## What you will do:
Give again only the lines from the line that holds "Chinelo Grendene Kids Luluca Show Rosa" to the end of the data, inclusive, omitting all pictures.

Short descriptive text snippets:

=======

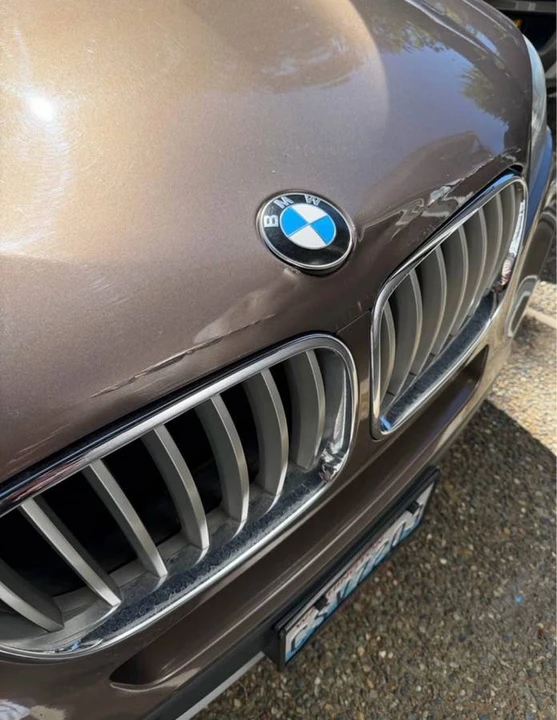 2011 BMW F25 X3 - Image 16 of 16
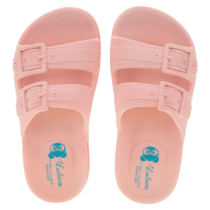 Chinelo Grendene Kids Luluca Show Rosa
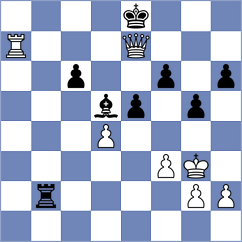 Kwech - Vassiljev (Playchess.com INT, 2020)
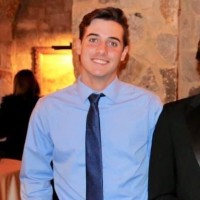 Braden Page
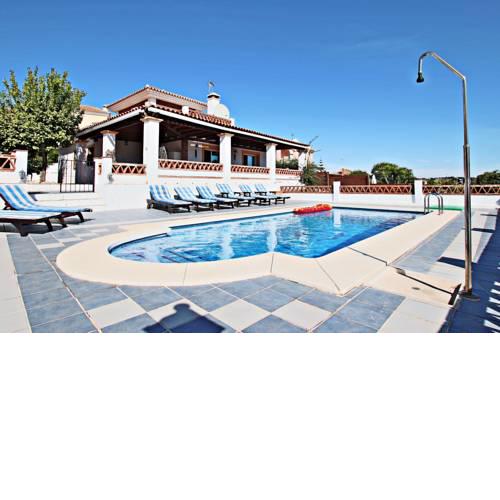 Casa Las Delicias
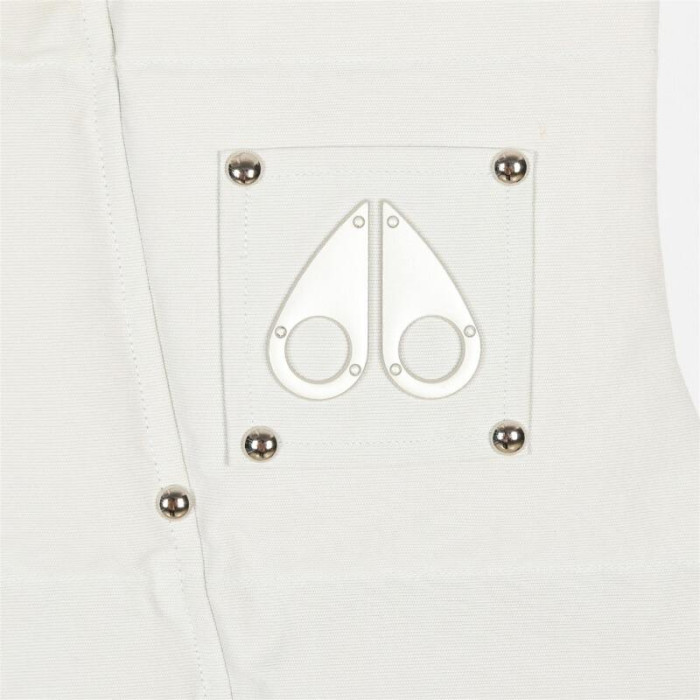 M00SE KNUCKLES COAT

=======

## Response area:
 Chinelo Grendene Kids Luluca Show Rosa
 Kwech - Vassiljev (Playchess.com INT, 2020)
 Braden Page
 Casa Las Delicias
 M00SE KNUCKLES COAT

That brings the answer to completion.